Creating a BigQuery source node - AWS Glue

Creating a BigQuery source node

Prerequisites needed

  • A BigQuery type AWS Glue Data Catalog connection

  • An AWS Secrets Manager secret for your Google BigQuery credentials, used by the connection.

  • Appropriate permissions on your job to read the secret used by the connection.

  • The name and dataset of the table and corresponding Google Cloud project you would like to read.

Adding a BigQuery data source

To add a Data source – BigQuery node:
  1. Choose the connection for your BigQuery data source. Since you have created it, it should be available in the dropdown. If you need to create a connection, choose Create BigQuery connection.
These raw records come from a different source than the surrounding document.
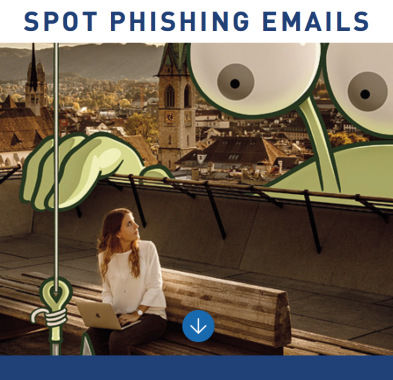 Image_Campagne_SpotPhishingEmails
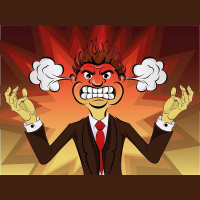 The Albion Roar - 12th April 2023 with guests John Palfrey and Vicki Rees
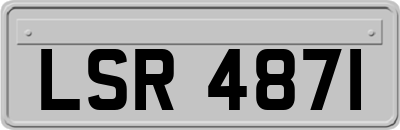 LSR4871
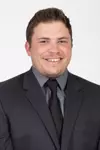 Jacob Dusenbury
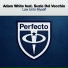 Adam White ft. Suzie Del Vecchio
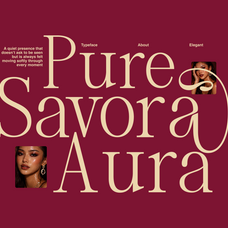 margiona-modern-decorative-serif-font-rasio-std-7.png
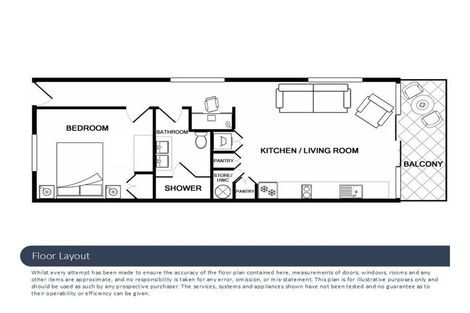 Photo of property in 37/61 North Road, North East Valley, Dunedin, 9010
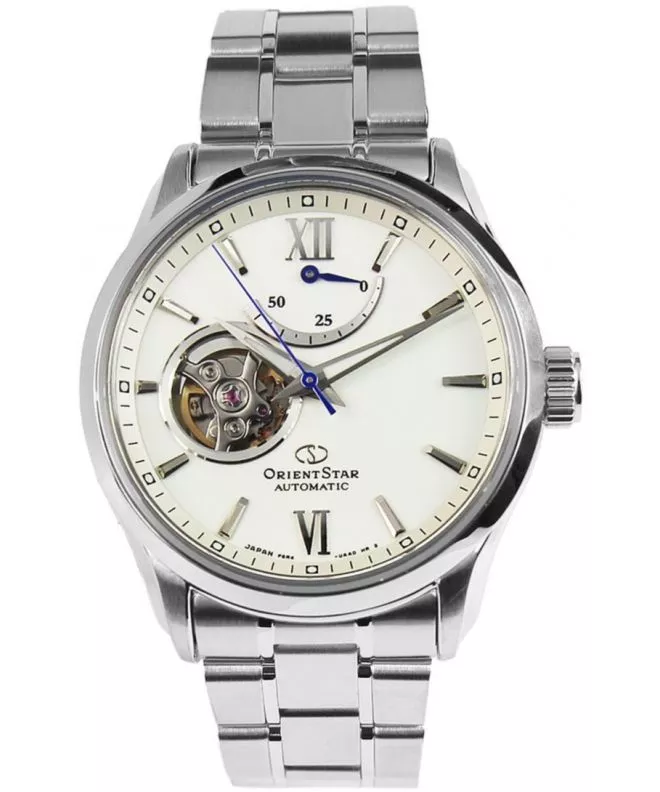 Hodinky Pánske Orient Star Automatic RE-AT0003S00B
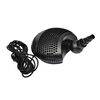 vidaXL Lampipumppu 10 000 l / h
For more information, see Overview of using connectors and connections .

    Once you have chosen a connection, you can view the connection properties by clicking View properties.

  2. Identify what BigQuery data you would like to read, then choose a BigQuery Source option

    • Choose a single table – allows you to pull all data from a table.

    • Enter a custom query – allows you to customize which data is retrieved by providing a query.

  3. Describe the data you would like to read

    (Required) set Parent Project to the project containing your table, or a billing parent project, if relevant.

    If you chose a single table, set Table to the name of a Google BigQuery table in the following format: [dataset].[table]

    If you chose a query, provide it to Query. In your query, refer to tables with their fully qualified table name, in the format: [project].[dataset].[tableName].

  4. Provide BigQuery properties

    If you chose a single table, you do not need to provide additional properties.

    If you chose a query, you must provide the following Custom Google BigQuery properties:

    • Set viewsEnabled to true.

    • Set materializationDataset to a dataset. The GCP principal authenticated by the credentials provided through the AWS Glue connection must be able to create tables in this dataset.